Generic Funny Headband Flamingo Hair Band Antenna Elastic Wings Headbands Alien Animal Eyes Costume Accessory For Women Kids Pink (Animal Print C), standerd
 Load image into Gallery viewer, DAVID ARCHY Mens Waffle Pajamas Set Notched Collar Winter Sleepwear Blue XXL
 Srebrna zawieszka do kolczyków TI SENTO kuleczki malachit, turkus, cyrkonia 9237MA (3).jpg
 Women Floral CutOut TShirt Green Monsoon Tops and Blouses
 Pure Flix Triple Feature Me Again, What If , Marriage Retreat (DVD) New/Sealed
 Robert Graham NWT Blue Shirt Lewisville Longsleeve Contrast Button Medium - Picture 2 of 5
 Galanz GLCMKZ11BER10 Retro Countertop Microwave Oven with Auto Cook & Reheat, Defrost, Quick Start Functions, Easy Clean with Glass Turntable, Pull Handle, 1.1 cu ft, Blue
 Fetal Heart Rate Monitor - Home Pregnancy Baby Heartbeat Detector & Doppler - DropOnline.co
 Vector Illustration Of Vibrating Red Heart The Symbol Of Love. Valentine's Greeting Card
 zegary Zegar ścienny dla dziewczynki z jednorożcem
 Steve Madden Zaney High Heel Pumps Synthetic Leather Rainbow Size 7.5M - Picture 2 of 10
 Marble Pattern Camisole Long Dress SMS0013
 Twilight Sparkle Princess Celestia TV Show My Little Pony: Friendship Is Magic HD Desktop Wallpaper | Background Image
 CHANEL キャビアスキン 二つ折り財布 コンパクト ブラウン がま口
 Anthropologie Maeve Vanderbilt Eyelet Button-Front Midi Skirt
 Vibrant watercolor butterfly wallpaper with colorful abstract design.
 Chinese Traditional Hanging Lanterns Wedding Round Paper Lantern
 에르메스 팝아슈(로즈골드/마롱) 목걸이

* * *

## Problem statement
Please say how many lines in the records above contain the string "Picture", giving no other words.

## Answer below
2